Start of Supplied records

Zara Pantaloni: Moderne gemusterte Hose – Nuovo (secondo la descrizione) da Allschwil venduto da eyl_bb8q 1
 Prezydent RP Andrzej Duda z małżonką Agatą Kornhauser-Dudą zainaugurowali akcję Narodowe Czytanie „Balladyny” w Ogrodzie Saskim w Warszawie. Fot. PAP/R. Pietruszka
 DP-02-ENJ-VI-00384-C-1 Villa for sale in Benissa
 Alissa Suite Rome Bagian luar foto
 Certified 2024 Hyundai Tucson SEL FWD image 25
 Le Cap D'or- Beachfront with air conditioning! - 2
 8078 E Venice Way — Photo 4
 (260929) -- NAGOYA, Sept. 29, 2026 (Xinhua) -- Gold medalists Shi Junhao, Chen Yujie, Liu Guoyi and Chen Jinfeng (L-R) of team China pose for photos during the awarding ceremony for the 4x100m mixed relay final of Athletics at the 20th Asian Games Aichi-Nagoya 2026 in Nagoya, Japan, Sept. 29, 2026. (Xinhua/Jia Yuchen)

End of Supplied records

▶ _Exercise brief_
Every line above should be transcribed exactly.

▶ _Output for this task_
Zara Pantaloni: Moderne gemusterte Hose – Nuovo (secondo la descrizione) da Allschwil venduto da eyl_bb8q 1
 Prezydent RP Andrzej Duda z małżonką Agatą Kornhauser-Dudą zainaugurowali akcję Narodowe Czytanie „Balladyny” w Ogrodzie Saskim w Warszawie. Fot. PAP/R. Pietruszka
 DP-02-ENJ-VI-00384-C-1 Villa for sale in Benissa
 Alissa Suite Rome Bagian luar foto
 Certified 2024 Hyundai Tucson SEL FWD image 25
 Le Cap D'or- Beachfront with air conditioning! - 2
 8078 E Venice Way — Photo 4
 (260929) -- NAGOYA, Sept. 29, 2026 (Xinhua) -- Gold medalists Shi Junhao, Chen Yujie, Liu Guoyi and Chen Jinfeng (L-R) of team China pose for photos during the awarding ceremony for the 4x100m mixed relay final of Athletics at the 20th Asian Games Aichi-Nagoya 2026 in Nagoya, Japan, Sept. 29, 2026. (Xinhua/Jia Yuchen)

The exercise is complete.